┌──

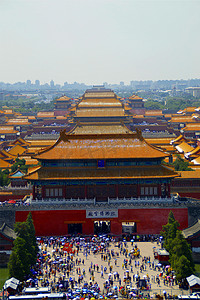 北京故宫博物院风光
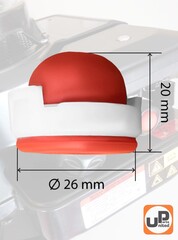 Праймер подкачки топлива UNITED PARTS для газонокосилок B&S (без отверстия) (аналог 694394, 494408, 281661, 691947) (90-1385)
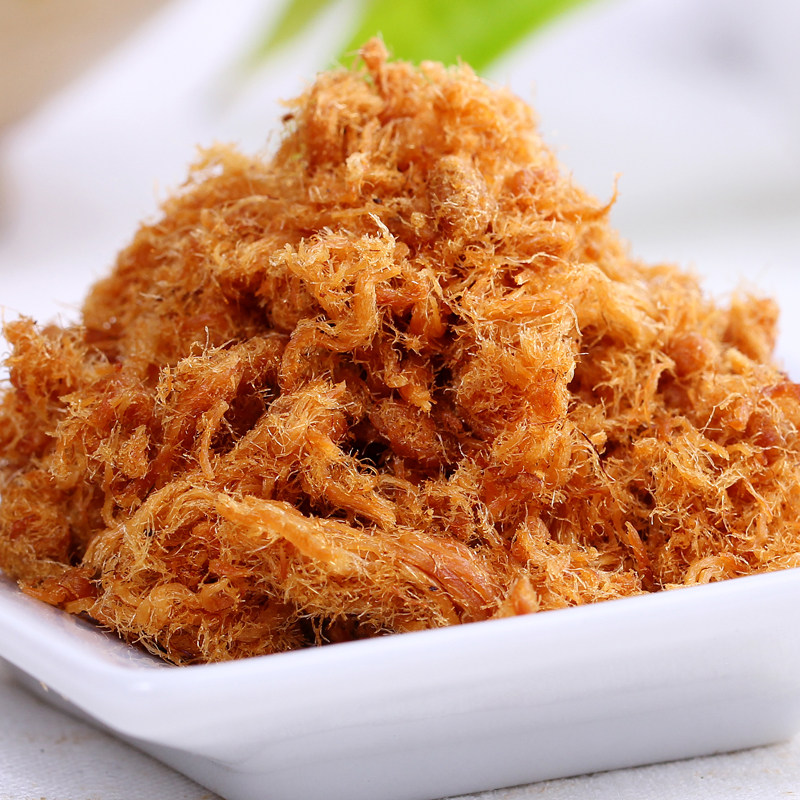 台湾营养肉松广达香优质纯肉松婴幼儿童辅食宝宝肉松品质保证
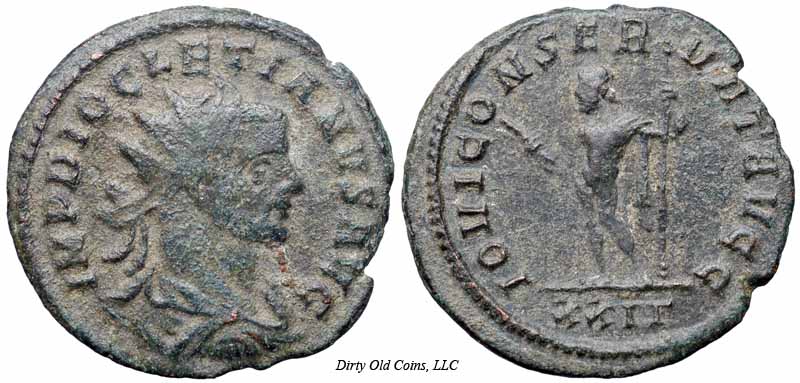 монета Древнего Рима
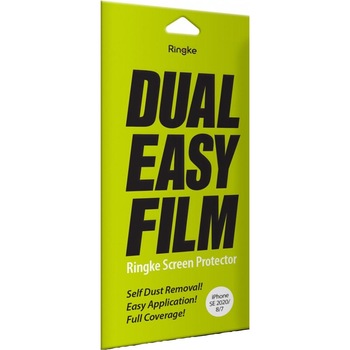 Folie de protectie Ringke Set 1+1 folie protectie display pentru iPhone SE 2 Folie de protectie Ringke Set 1+1 folie protectie display pentru iPhone SE 2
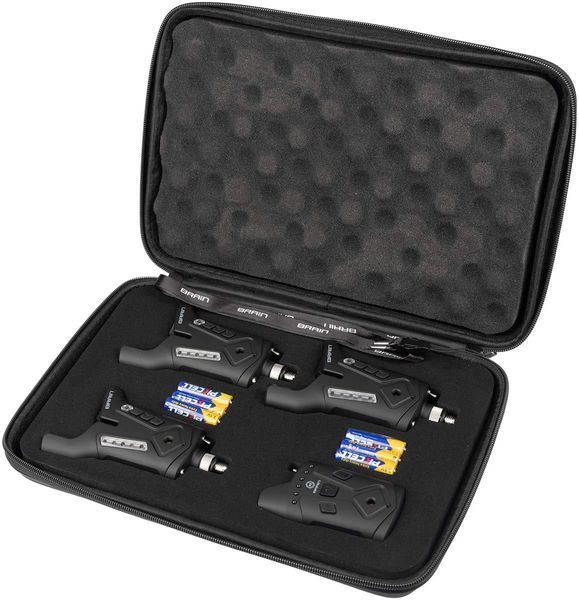 Набор сигнализаторов Brain Wireless Bite Alarm F-1 3+1 1858.80.81 фото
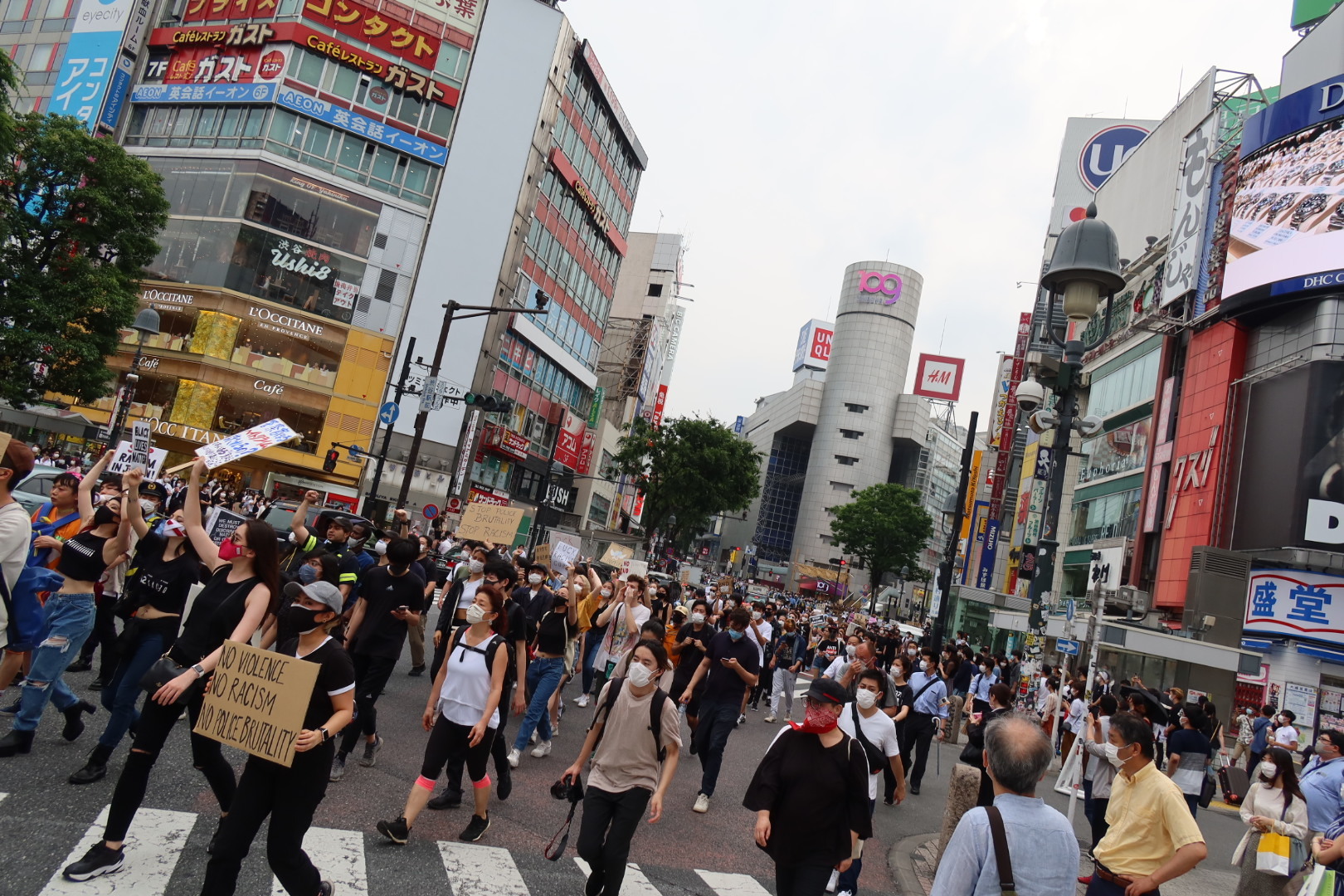 Interview: Translator Nami Nanami & The Organizer of Tokyo’s Anti-Police Protests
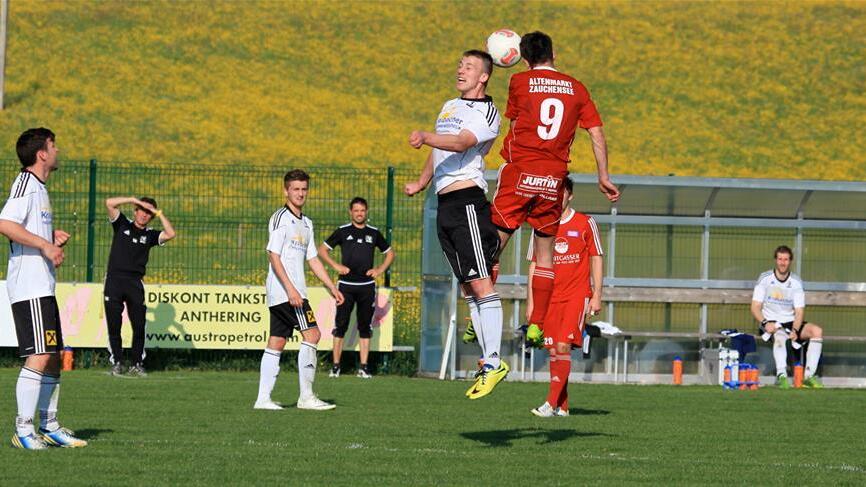 SV Anthering - UFC Altenmarkt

└──

THE TASK: The records above are to be repeated exactly, with every picture removed from the copy.

WRITTEN ANSWER:
 北京故宫博物院风光
 Праймер подкачки топлива UNITED PARTS для газонокосилок B&S (без отверстия) (аналог 694394, 494408, 281661, 691947) (90-1385)
 台湾营养肉松广达香优质纯肉松婴幼儿童辅食宝宝肉松品质保证
 монета Древнего Рима
 Folie de protectie Ringke Set 1+1 folie protectie display pentru iPhone SE 2 Folie de protectie Ringke Set 1+1 folie protectie display pentru iPhone SE 2
 Набор сигнализаторов Brain Wireless Bite Alarm F-1 3+1 1858.80.81 фото
 Interview: Translator Nami Nanami & The Organizer of Tokyo’s Anti-Police Protests
 SV Anthering - UFC Altenmarkt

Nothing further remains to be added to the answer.